After moving to Seaside, 22-year-old Ochoa returned to college to pursue her Associate of Arts degree. Playing beach volleyball is getting her in shape for a potential return indoors next fall.
“I started putting videos together for colleges to watch,” Ochoa said. “My family moved to San Diego. I contact the schools in the region. I still have a lot to offer. The passion for the sport has never gone away.
While the Lobos are a team enduring growing pains in their first official season on the range, Ochoa and Moore have emerged as one of the best pairings in the state.
“We were matched because of our skill level,” Moore, 19, said. “We are tied. We push ourselves to work harder. Teresa has the soft skills you need for the beach.”
Skills that Ochoa didn’t always have to use in high school. An outside hitter, her primary role at North Salinas was hitting the ball across the net, where she was the Pacific Division’s Most Valuable Player in 2017.
“I’ve always been a front-line player,” Ochoa said. “At the beach, you have to play in all positions. I am getting better. Finding my cardio, especially on the sand, took time.
As Ochoa returned to form, Moore provided that motivation and energy as the pair lost just one game in the Coast Conference, which features eight teams including Cabrillo and Gavilan.
In fact, there are 38 programs in the California Community College Athletic Association, representing more than 150 two-player teams.
“Kylee was a motivator,” Ochoa said. “I hope to use this as a springboard to return indoors next fall to a four-year school. But I wouldn’t mind playing at the beach either.
Learning each other’s tendencies is a process. As communication continues to evolve, the couple relied on their natural instincts to compensate.
While the height of the net is the same as indoors, the dimensions of a beach volleyball court are slightly smaller. Instead of six players on the pitch, there are only two.

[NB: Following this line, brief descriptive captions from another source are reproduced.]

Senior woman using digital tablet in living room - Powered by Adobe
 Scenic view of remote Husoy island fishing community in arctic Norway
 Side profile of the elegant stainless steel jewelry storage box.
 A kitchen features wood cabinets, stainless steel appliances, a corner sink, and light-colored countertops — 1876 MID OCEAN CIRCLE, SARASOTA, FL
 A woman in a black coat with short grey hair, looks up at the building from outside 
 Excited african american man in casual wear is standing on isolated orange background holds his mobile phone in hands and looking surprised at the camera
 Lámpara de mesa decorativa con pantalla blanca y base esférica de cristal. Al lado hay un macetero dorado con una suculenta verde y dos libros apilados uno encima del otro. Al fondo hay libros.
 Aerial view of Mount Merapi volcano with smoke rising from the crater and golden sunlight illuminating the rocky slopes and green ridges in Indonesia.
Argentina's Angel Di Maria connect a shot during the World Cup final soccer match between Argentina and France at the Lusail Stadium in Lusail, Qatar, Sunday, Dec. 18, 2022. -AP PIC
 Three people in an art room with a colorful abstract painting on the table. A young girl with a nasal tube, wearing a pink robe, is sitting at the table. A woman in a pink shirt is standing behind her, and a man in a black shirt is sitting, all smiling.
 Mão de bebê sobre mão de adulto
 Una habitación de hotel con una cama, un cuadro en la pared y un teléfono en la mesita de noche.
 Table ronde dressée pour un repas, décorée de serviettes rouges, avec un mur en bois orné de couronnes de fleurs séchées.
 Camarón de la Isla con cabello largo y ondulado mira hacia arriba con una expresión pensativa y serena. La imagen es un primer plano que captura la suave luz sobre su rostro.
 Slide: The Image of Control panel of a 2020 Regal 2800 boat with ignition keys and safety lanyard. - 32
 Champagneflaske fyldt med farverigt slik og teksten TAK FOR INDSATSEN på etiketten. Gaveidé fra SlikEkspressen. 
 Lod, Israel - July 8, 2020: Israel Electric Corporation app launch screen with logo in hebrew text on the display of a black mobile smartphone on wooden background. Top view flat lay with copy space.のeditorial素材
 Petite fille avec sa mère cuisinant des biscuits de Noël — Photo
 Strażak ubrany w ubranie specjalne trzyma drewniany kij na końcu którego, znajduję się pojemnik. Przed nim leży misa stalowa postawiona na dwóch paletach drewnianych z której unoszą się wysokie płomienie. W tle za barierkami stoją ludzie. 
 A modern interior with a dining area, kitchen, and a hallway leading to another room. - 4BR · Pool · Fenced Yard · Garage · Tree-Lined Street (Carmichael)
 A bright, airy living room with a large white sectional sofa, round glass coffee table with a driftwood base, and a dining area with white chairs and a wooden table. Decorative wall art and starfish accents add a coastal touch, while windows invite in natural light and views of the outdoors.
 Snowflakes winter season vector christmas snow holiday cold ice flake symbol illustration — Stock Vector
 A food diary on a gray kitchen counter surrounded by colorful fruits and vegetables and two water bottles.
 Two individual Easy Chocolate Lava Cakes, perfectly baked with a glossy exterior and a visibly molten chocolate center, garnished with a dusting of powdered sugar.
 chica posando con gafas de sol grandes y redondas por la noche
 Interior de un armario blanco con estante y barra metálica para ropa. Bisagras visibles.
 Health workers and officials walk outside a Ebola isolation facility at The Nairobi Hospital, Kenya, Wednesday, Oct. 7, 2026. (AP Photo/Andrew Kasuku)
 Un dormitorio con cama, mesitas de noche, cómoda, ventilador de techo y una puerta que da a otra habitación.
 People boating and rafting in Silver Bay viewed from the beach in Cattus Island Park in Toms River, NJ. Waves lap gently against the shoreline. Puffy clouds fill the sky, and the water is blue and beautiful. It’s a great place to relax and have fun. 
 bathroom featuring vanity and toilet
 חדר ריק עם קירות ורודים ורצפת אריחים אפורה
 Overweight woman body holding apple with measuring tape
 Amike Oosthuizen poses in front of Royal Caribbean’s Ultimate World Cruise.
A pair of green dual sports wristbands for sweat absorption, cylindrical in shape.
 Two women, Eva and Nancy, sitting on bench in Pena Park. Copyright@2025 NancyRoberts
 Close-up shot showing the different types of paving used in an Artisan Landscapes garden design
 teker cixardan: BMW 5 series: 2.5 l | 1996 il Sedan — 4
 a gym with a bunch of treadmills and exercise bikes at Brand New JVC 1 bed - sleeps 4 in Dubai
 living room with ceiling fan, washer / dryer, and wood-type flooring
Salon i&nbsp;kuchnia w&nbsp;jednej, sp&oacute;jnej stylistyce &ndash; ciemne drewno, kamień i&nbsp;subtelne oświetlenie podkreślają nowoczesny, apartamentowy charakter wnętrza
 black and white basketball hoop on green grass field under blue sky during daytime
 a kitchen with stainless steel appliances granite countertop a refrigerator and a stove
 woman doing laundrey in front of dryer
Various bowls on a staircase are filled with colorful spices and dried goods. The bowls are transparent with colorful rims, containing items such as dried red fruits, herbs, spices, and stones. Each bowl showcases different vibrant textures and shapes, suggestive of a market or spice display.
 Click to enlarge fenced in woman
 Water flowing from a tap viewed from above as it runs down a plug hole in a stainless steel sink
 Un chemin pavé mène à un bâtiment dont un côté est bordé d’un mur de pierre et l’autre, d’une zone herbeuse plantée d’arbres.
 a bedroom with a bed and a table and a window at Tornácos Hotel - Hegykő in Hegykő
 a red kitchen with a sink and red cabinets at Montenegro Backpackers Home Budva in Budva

“There’s a lot of ground to cover and you’re not going that fast,” Moore said. “If one blocks, the other covers the rest of the court.”
Understanding net calls allows the pair to adjust their direction in anticipation of the ball. As the pair get more familiar, their pace on the court improves, which builds expectations going forward.
“There are different calls you can make when you go up to block a shot,” Moore said. “That way the other can remove that path to the ball. We grow together. There’s a long-term goal. I can’t wait to see where it takes us.